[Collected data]
►

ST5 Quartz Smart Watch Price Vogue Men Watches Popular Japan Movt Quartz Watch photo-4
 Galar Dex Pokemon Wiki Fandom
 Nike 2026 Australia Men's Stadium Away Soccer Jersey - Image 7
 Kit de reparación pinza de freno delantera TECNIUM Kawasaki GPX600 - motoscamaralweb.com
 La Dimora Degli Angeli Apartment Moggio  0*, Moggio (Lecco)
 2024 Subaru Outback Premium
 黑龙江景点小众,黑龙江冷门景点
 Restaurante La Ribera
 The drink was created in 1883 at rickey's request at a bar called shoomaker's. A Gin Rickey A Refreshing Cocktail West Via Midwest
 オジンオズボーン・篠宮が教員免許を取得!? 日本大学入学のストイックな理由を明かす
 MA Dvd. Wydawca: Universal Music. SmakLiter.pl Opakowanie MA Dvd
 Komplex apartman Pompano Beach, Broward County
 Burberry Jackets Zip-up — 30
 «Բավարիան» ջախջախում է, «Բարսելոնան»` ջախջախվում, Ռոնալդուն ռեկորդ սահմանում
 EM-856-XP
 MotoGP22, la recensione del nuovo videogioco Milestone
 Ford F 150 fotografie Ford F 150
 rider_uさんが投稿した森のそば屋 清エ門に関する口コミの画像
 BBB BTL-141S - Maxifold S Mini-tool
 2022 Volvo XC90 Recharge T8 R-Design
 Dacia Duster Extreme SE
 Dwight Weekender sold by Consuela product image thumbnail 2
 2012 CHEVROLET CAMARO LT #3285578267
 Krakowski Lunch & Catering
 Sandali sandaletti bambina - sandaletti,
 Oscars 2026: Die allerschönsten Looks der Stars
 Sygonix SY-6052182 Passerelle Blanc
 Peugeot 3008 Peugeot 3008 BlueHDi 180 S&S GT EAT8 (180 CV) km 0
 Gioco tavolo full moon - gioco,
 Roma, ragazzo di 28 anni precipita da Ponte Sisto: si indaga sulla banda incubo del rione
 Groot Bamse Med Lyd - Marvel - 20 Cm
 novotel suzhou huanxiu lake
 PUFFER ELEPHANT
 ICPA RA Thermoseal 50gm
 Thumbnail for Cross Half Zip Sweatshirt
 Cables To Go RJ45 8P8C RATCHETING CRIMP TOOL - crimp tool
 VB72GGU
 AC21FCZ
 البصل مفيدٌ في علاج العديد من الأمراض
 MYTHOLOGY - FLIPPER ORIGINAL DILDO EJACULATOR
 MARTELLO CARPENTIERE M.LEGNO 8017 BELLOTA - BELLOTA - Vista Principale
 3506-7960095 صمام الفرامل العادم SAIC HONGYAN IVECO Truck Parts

◄

Go to the line with "Krakowski Lunch & Catering" in the entries above and repeat every line from there through the line with "البصل مفيدٌ في علاج العديد من الأمراض", exactly and with no other text.

 Krakowski Lunch & Catering
 Sandali sandaletti bambina - sandaletti,
 Oscars 2026: Die allerschönsten Looks der Stars
 Sygonix SY-6052182 Passerelle Blanc
 Peugeot 3008 Peugeot 3008 BlueHDi 180 S&S GT EAT8 (180 CV) km 0
 Gioco tavolo full moon - gioco,
 Roma, ragazzo di 28 anni precipita da Ponte Sisto: si indaga sulla banda incubo del rione
 Groot Bamse Med Lyd - Marvel - 20 Cm
 novotel suzhou huanxiu lake
 PUFFER ELEPHANT
 ICPA RA Thermoseal 50gm
 Thumbnail for Cross Half Zip Sweatshirt
 Cables To Go RJ45 8P8C RATCHETING CRIMP TOOL - crimp tool
 VB72GGU
 AC21FCZ
 البصل مفيدٌ في علاج العديد من الأمراض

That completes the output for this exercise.